L’importanza della bioedilizia e delle tematiche attinenti è comprensibile se si pensa che mediamente l’uomo europeo medio passa il 90 % della propria vita in spazi chiusi e che mediamente l’aria interna degli edifici è di circa tre volte peggiore rispetto a quella esterna.
Altrettanto significativo è il fatto che l’attività edilizia costituisce uno dei settori industriali a maggior impatto ambientale. Questo è in primo luogo dovuto al “consumo” di territorio e di materiali, che vede il 50% delle risorse sottratte alla natura destinate all’industria edilizia; altrettanto ingente è la quantità di rifiuti prodotti da tale settore, che è pari al 50% dei rifiuti annualmente prodotti.
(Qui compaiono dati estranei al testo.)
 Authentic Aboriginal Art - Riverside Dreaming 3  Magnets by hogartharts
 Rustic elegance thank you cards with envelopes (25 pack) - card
Le mura degli edifici nell’architettura bioecologica assumono il ruolo di “terza pelle” per l’uomo: la nostra prima pelle è il tessuto cutaneo, la seconda l’abbigliamento, la terza, appunto, l’edificio in cui viviamo. Ciò che accomuna questi tre “strati” è il fine, ovvero garantire protezione e benessere all’organismo, riparandolo dagli agenti esterni che potrebbero danneggiarlo.
A differenza dell’odierna tendenza che intende l’edificio come un contenitore ermetico, la bioedilizia lo considera come un organismo vivo: oltre che proteggere dagli agenti esterni, l’architettura dovrebbe essere in grado di respirare, di consentire cioè degli scambi tra ambiente interno ed esterno, come una sorta di grande polmone.
In quest’ottica assumono grande importanza la scelta dei materiali da costruzione, il loro impiego e le scelte tecnologiche adottate: di questo appunto si occupa la bioedilizia.